A test automation tool solution 

With over twenty years of test automation expertise in multiple projects across many industries, World Wide Technology was well positioned to help the pharmaceutical company achieve its goals. WWT  experts created an automated suite of tests for adherence to Part 11 compliance that alert the client if compliance is broken. The tests were written using the pharmaceutical company's existing test automation tools: Tricentis Tosca (for script development) and Tricentis qTest (for distributed test execution management and scheduling).

Each test was responsible for creating and signing a PDF using the pharmaceutical company's branded instance of Adobe Sign. The key difference between the tests was how the signed PDF was obtained (download directly after signing, download from the Adobe Sign dashboard, or download via email attachment). 

The first series of validations was performed against the PDF's security metadata after opening it in Adobe Acrobat Reader. This confirmed that the document had not been tampered with. Finally, the test clicked a link within the PDF, opening a web page to validate the document's specific transaction ID. This last step is a key piece of evidence that the document was legitimately from Adobe Sign.

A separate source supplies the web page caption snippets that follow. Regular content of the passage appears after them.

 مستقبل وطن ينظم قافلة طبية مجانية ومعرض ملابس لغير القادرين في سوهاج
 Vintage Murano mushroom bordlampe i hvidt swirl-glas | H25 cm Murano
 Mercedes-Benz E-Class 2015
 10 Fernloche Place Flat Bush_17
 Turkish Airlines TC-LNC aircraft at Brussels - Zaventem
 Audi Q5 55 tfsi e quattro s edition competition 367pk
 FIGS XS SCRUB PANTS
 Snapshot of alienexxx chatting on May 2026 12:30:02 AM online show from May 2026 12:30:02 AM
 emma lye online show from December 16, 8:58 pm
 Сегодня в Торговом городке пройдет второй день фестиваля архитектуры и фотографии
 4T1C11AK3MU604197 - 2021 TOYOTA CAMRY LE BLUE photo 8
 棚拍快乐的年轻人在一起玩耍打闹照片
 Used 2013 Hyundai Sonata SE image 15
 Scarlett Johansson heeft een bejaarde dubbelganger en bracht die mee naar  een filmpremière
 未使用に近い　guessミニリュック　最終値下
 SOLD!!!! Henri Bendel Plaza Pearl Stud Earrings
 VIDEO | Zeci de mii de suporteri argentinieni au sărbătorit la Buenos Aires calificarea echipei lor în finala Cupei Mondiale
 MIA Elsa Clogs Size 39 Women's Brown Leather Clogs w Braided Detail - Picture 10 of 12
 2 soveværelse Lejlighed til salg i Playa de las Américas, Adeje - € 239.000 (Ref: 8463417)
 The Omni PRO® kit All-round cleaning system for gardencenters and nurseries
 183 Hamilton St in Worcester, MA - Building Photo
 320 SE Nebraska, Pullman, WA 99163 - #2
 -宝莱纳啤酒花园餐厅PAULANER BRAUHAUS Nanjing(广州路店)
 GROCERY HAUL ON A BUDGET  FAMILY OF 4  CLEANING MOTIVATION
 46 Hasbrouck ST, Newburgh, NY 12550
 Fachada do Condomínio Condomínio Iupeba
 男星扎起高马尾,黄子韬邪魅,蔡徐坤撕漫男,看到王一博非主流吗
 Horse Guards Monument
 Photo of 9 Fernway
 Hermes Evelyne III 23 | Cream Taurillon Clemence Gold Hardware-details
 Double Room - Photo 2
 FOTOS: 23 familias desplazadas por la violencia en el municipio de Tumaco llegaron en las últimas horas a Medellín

The lack of access to the application code was addressed by adopting a test design pattern to select technical properties that were less likely to change. Where possible, World Wide Technology used the same properties across all automated test steps to ensure consistency and to create a collective understanding that makes collaboration and onboarding easier.

The tests were then linked to Tricentis qTest for test management so that they could be scheduled to run regularly on one of the dedicated remote test execution machines. This continuous testing eliminated the need for manual testing for Part 11 non-compliance. 

Outcomes that reduce non-compliance risks 

The test suite provides the pharmaceutical company with the awareness of any departure from FDA Part 11 compliance – ensuring adherence to regulatory requirements. Reducing the risk of non-compliance helps protect the company's brand and reputation in the industry. 

Additionally, the Tricentis test automation tools help drive efficiency and reduce costs by removing tedious manual workflows. The client can now rely on a set of powerful cross-platform automated tests that free up their personnel to focus on business-critical work.  

What's next 

With the success of this engagement, the next step is to expand and develop new tests to cover other functional areas of the products that the pharmaceutical company uses (such as Jira, Confluence, and Microsoft Azure) and ensure the workflows they follow are validated by test automation.